All the same, the award of $3bn in punitive damages against Philip Morris, the company behind such brand names as Marlboro, is unreasonable. (Indeed, it may well be struck out on appeal.) This is not merely because the US concept of punitive or exemplary damages is undesirable, although it is. Damages should be awarded to compensate people for losses they have suffered, not used to express disapproval. In that respect, among others, the British legal system is superior.

Even if we thought the Los Angeles Superior Court jury was entitled to try to put Philip Morris out of business, we would disagree with its objective. In the end, the issue is a simple one. Either tobacco should be banned, or it should not. This newspaper prefers to allow people to make their own bad decisions, and prefers not to outlaw activities, such as smoking, fox-hunting and listening to Westlife, which it finds hard to fathom.

If tobacco is not going to be banned, it can be controlled. Following the greater awareness of the dangers ­ and simple unpleasantness ­ of passive consumption of other people's smoke, bans on smoking in public and office spaces have transformed this country for the better.

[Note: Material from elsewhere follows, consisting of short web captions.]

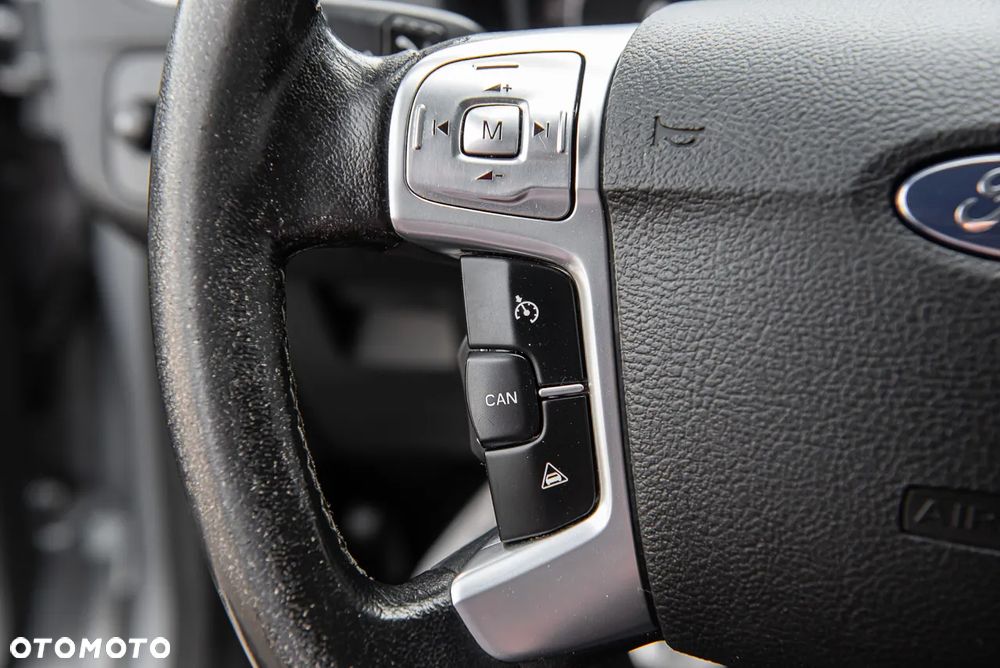 Ford Mondeo 2.5 Black Magic - 20
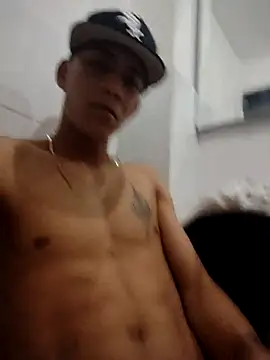 Snapshot of Davig4 chatting on November 2025 11:37:02 PM Davig4 online show from November 2025 11:37:02 PM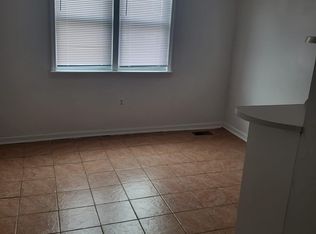 440 Pfeiffer St FLOOR 2, Camden, NJ 08105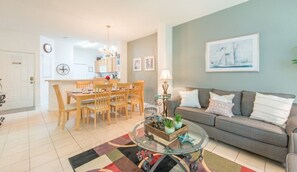 Apartment | Living room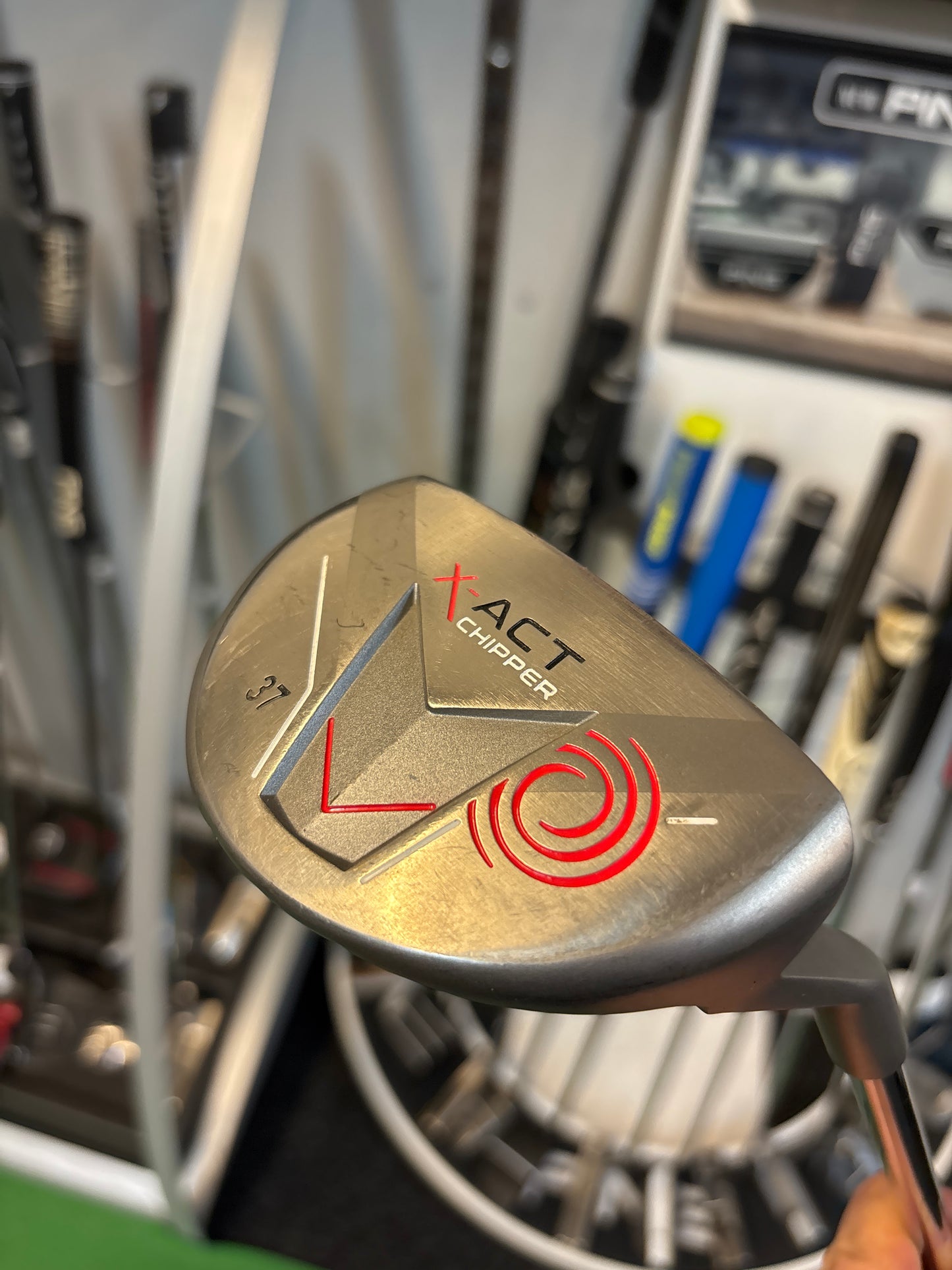 Odyssey X-ACT CHIPPER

Unless tobacco is outlawed, however, it would be wrong to ban advertising altogether, and it would be wrong to use measures such as punitive damages to try to push the cigarette companies into bankruptcy. If Philip Morris and BAT ceased to exist, other companies based in other parts of the world would replace them. Nor is taxation the only way to try to keep tobacco consumption as low as possible. It might be satisfying to raise the tax on cigarettes indefinitely, but the Treasury has already tested this policy to the limit, with the result that, in the relatively open European market, smuggling is now out of control.

Over the past quarter-century, the proportion of the British population that smokes has fallen from 46 per cent to 27 per cent, largely driven by better knowledge of the risks. But the decline has been mostly among older people; young men want to do something of which their elders disapprove and young women want to be thin.

Anyone who is serious about reducing tobacco use should concentrate on educating potential young consumers rather than fighting court cases against the suppliers.